TASK DIRECTIONS
Exactly and only the lines from the one with "American eagle sandals" through the end of the listing are to be transcribed, both ends included.

DATASET ENTRIES
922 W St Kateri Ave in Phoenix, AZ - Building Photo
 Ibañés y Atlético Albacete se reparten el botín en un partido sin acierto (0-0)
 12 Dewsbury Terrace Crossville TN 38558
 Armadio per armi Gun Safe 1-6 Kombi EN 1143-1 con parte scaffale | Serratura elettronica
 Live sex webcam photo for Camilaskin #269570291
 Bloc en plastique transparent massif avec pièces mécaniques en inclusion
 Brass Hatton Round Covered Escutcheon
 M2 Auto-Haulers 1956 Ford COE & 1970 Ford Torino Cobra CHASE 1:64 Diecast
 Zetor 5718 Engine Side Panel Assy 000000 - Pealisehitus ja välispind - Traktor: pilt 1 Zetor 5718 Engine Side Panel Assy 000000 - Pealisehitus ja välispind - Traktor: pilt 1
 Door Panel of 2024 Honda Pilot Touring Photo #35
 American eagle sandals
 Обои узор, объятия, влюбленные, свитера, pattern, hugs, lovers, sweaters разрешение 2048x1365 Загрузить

SOLUTION TO THIS EXERCISE
 American eagle sandals
 Обои узор, объятия, влюбленные, свитера, pattern, hugs, lovers, sweaters разрешение 2048x1365 Загрузить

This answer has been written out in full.